Task details:
Write the listing below out again in full, dropping its pictures.

Data provided:
+===+

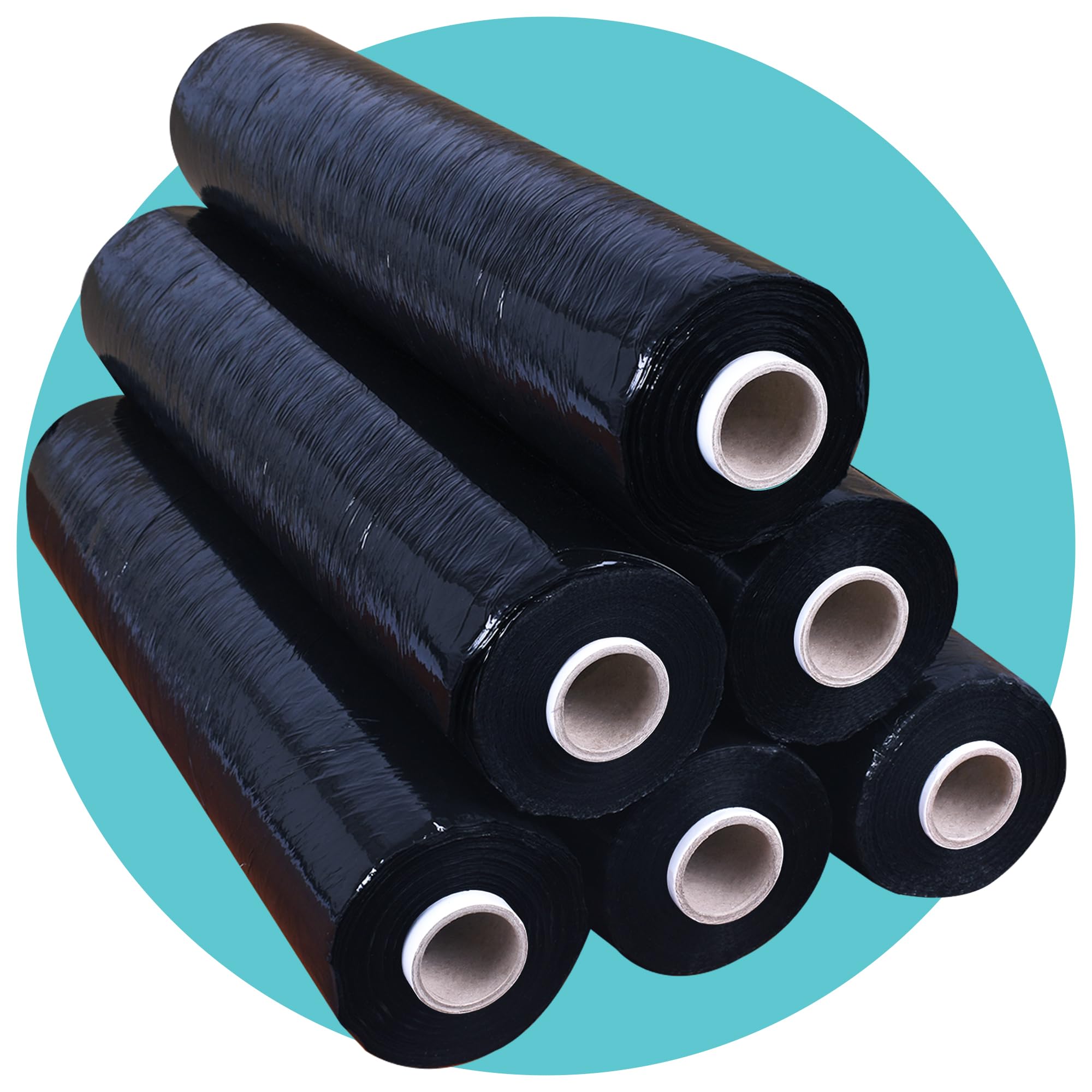 Triplast Pallet Stretch Wrap Roll (400mm x 250m) - Pick Qty & Colour - Heavy Duty Plastic Luggage Shrink Wrap & Strong Industrial Cling Film for Removals & Warehouse Packaging Use (Black, 6 Rolls)
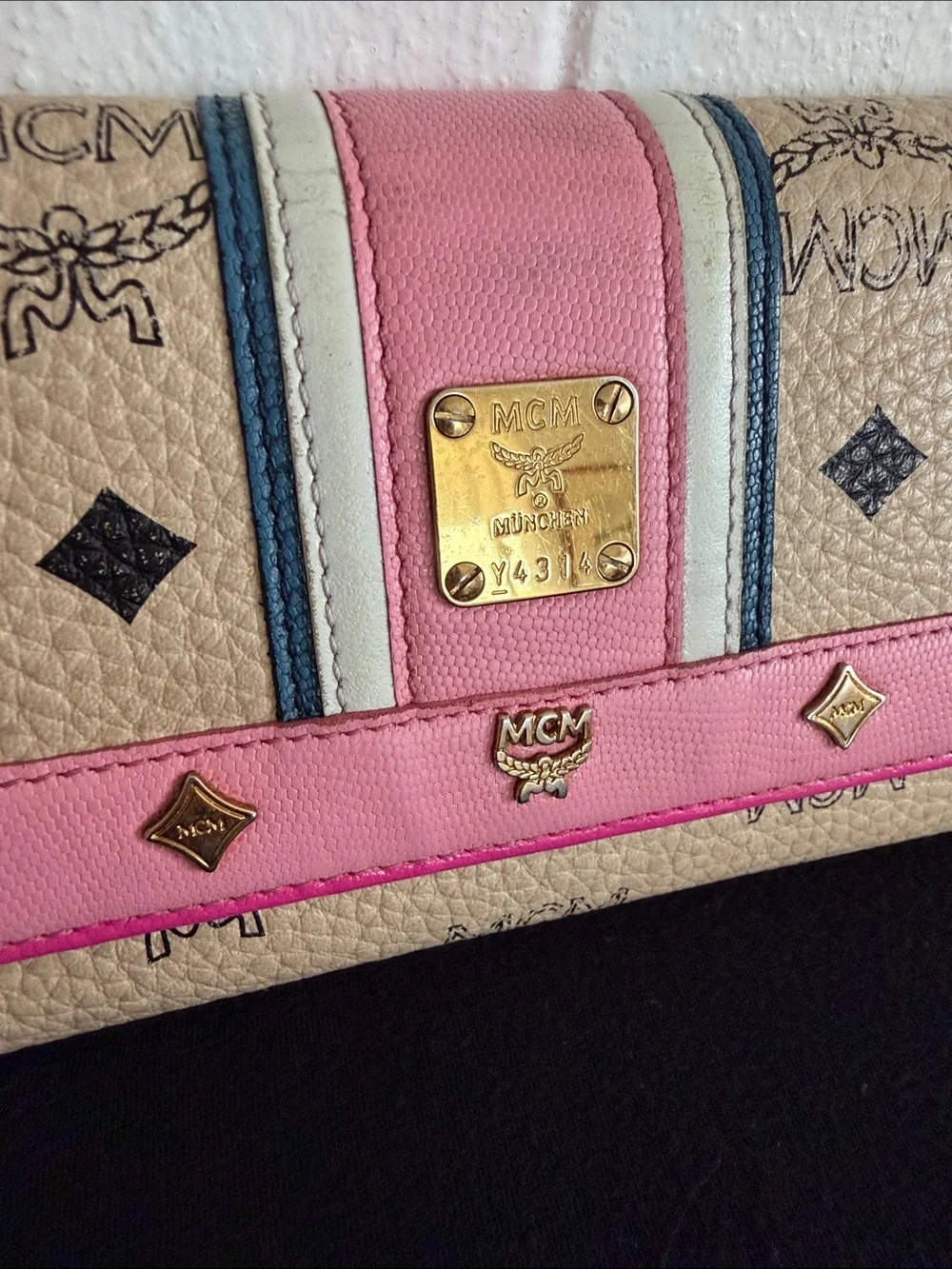 MCM Beige Logo Continental Wallet with Pink Trim and Blue-White Stripe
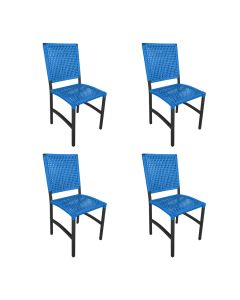Kit 4 Cadeiras Deck Alumínio Junco Sintético Azul Unicolor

+===+

Output for this exercise:
 Triplast Pallet Stretch Wrap Roll (400mm x 250m) - Pick Qty & Colour - Heavy Duty Plastic Luggage Shrink Wrap & Strong Industrial Cling Film for Removals & Warehouse Packaging Use (Black, 6 Rolls)
 MCM Beige Logo Continental Wallet with Pink Trim and Blue-White Stripe
Kit 4 Cadeiras Deck Alumínio Junco Sintético Azul Unicolor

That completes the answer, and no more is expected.